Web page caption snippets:
______

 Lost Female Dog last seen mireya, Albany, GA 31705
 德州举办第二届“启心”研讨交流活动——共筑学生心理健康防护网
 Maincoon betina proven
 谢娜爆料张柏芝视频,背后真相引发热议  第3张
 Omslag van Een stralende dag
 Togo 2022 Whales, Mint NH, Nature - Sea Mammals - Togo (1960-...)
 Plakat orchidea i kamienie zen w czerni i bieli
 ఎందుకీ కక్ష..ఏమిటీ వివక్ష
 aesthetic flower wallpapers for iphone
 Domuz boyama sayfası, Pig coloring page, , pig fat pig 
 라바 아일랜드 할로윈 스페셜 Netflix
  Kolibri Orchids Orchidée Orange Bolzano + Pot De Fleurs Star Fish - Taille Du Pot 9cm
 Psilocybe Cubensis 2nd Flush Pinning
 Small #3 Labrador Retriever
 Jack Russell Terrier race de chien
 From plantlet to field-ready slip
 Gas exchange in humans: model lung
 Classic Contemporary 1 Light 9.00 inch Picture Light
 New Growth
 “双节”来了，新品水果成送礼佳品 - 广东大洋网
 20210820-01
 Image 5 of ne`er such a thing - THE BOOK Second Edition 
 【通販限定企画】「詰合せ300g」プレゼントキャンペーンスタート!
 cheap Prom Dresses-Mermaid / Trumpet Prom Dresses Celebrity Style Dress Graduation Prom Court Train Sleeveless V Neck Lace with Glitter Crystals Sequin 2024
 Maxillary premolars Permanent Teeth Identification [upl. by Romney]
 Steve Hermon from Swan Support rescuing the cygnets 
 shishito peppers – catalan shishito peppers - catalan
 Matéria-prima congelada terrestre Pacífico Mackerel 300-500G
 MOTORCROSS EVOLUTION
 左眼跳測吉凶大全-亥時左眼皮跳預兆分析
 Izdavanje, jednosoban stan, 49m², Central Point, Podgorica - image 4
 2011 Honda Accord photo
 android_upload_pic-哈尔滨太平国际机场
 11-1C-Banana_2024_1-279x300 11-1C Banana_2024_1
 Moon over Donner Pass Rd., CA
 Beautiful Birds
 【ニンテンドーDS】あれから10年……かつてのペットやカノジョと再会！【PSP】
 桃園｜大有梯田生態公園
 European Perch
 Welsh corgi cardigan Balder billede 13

______

Extract exactly and only the lines above from the line containing "Psilocybe Cubensis 2nd Flush Pinning" through the line containing "Maxillary premolars Permanent", both end lines included.

 Psilocybe Cubensis 2nd Flush Pinning
 Small #3 Labrador Retriever
 Jack Russell Terrier race de chien
 From plantlet to field-ready slip
 Gas exchange in humans: model lung
 Classic Contemporary 1 Light 9.00 inch Picture Light
 New Growth
 “双节”来了，新品水果成送礼佳品 - 广东大洋网
 20210820-01
 Image 5 of ne`er such a thing - THE BOOK Second Edition 
 【通販限定企画】「詰合せ300g」プレゼントキャンペーンスタート!
 cheap Prom Dresses-Mermaid / Trumpet Prom Dresses Celebrity Style Dress Graduation Prom Court Train Sleeveless V Neck Lace with Glitter Crystals Sequin 2024
 Maxillary premolars Permanent Teeth Identification [upl. by Romney]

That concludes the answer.